Lightning strike blows bark off tree

MOKANE, Mo - It's common knowledge that lightning can be dangerous, but what's not well known is of the two types of lightning strikes which one is more dangerous. One Callaway County man experienced this firsthand when a tree on his property was struck and bark was blasted several feet in all directions.

"It's hard to imagine the amount of power and force that was built up in this tree, somehow, to take all that bark off the way it did," landlord Jim Barton said.

It was a lightning strike that not only fascinated Barton, but really had him thinking about how dangerous lightning can be.

"I came in here this morning and I looked at this tree and I did a double take, and I thought, "What is going on?" And as soon as I looked at it again, I knew that lightning struck it," said Barton.
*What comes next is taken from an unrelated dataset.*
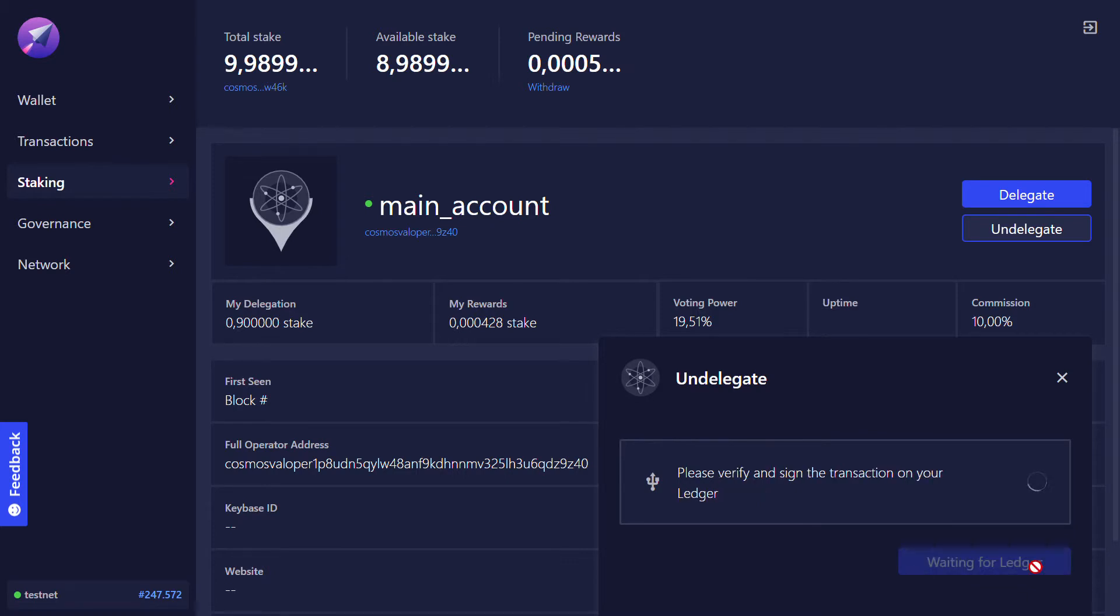We submit this to our Ledger for signing. We see on our Ledger the transaction. We approve that it's correct and then we hit sign transaction.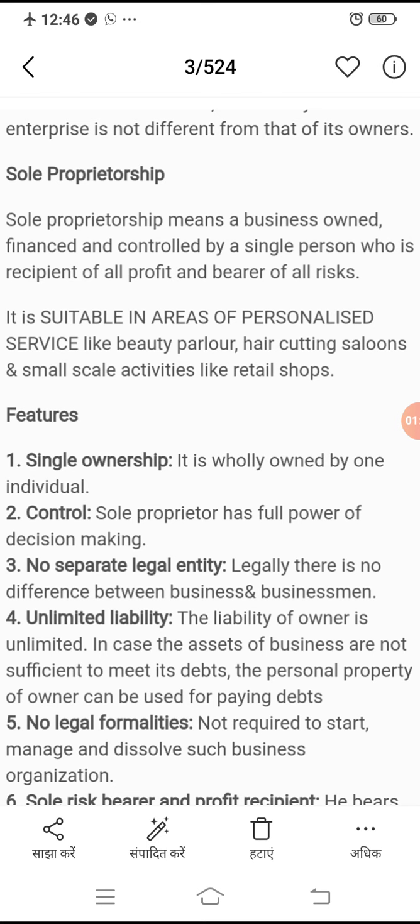Iske jo features hain woh hain: number one, single ownership — yani ki yeh puri tarah se kisi ek individual ke through chalaya jata hai. Number two, control — sole proprietorship has full power of decision making. Ab woh akele apna kaam chala raha hai, toh uska pura control apne kaam par hota hai.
Lightning strikes are either positive or negative and are named for their polarity. 90-95 percent of all lightning strikes are negative strikes, which originate in the lower part of a thunderstorm and can be up to 30,000 amps.

A positive lightning strike is the rarest and most deadly of the two. These strikes start in the top of a thunderstorm, which can be nearly 60,000 feet in the air. Because the strike travels over a longer distance than a negative strike, it can be 10 times stronger (300,000 amps) and last longer.
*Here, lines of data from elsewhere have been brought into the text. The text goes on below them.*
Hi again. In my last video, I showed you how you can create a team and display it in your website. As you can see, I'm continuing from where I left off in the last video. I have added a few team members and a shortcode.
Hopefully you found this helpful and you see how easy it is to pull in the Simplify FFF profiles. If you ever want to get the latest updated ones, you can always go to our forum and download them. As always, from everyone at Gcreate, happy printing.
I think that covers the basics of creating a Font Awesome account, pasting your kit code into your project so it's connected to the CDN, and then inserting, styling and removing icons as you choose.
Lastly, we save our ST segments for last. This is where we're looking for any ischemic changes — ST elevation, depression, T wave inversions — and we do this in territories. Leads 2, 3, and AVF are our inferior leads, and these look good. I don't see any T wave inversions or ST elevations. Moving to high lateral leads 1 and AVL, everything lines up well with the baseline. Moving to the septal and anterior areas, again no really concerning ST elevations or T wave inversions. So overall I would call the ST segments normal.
It's this strike that blasted the bark off of Barton's tree, as the lightning bolt was making its way to the ground. Positive strikes are also the culprit in house fires and can even be deadly when a person is struck. Being able to see the aftermath of a lightning strike firsthand not only gave Barton a newfound respect for lightning, but he stressed the importance of being cautious.

"I tell you in all honesty, it makes me want to think," said Barton. "I need to be certainly more careful of lightning because if you've never been struck by lightning sometimes you take things for granted."